O isolamento do Acre imposto pela cheia do Rio Madeira expôs nossas fragilidades no setor produtivo, mas evidenciou uma fortaleza no campo político. A importação de gêneros alimentícios básicos, é claro, incomoda a todos: qualquer gestor público se perturba com essa situação.

O ideal é que fôssemos um lugar autossuficiente em tudo. Mas, as coisas não são assim e não se resolve um século de ineficácia da gestão pública em duas décadas de trabalho. É preciso teimar na ampliação da base produtiva. Não há mágica. É insistir, investir e colher. Não tem outra sequência.

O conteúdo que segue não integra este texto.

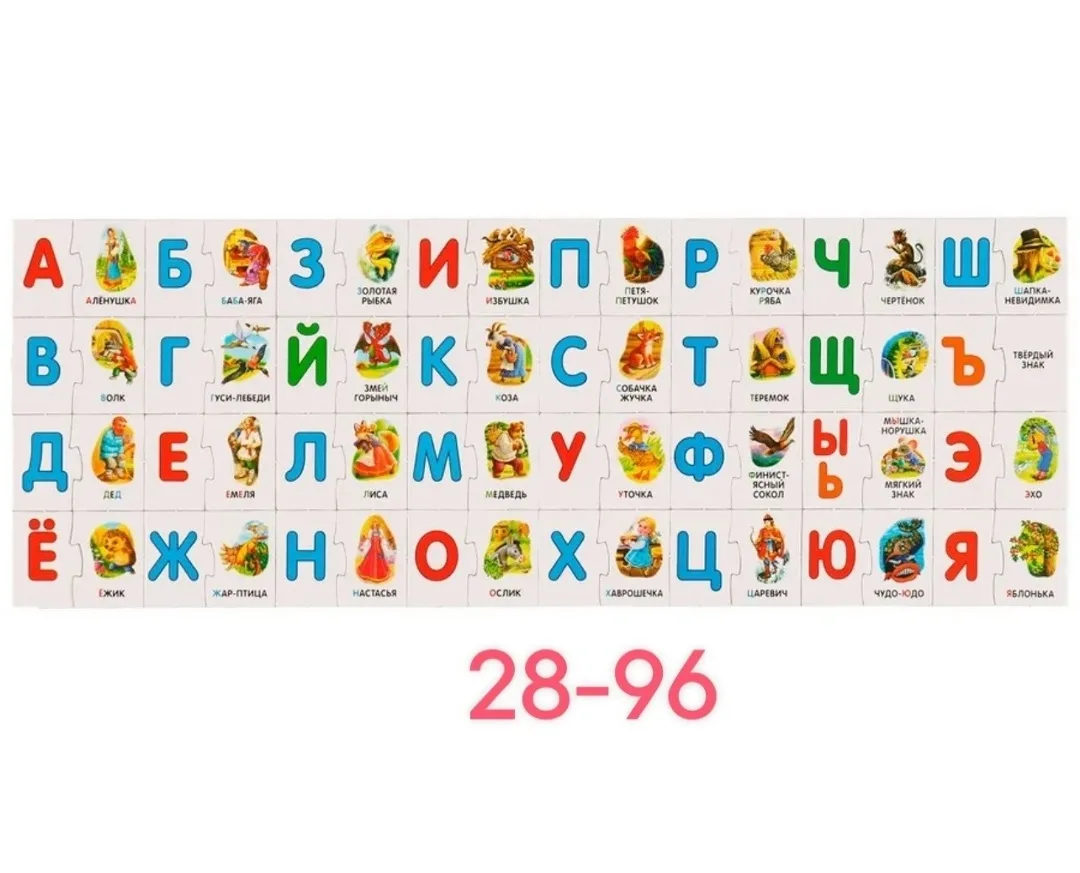 Игрушка — фото 3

O que o isolamento nos mostra também é a grande capacidade de operacionalização da equipe de Tião Viana, fundamentada em sua credibilidade política e na capacidade de liderar. É inegável. Não fosse isso, já estaríamos com filas em postos e gôndolas vazias.

Outra lição: o isolamento com relação ao Brasil parece construir novas bases para a integração econômica com o Peru. Agora, vai. A importação de hortifrutigranjeiros, cimento e trigo abre novas referências pela Interoceânica. O “laissez-faire” por aqui, vem com sotaque castelhano: com o poder público cooperando, o comércio faz o resto.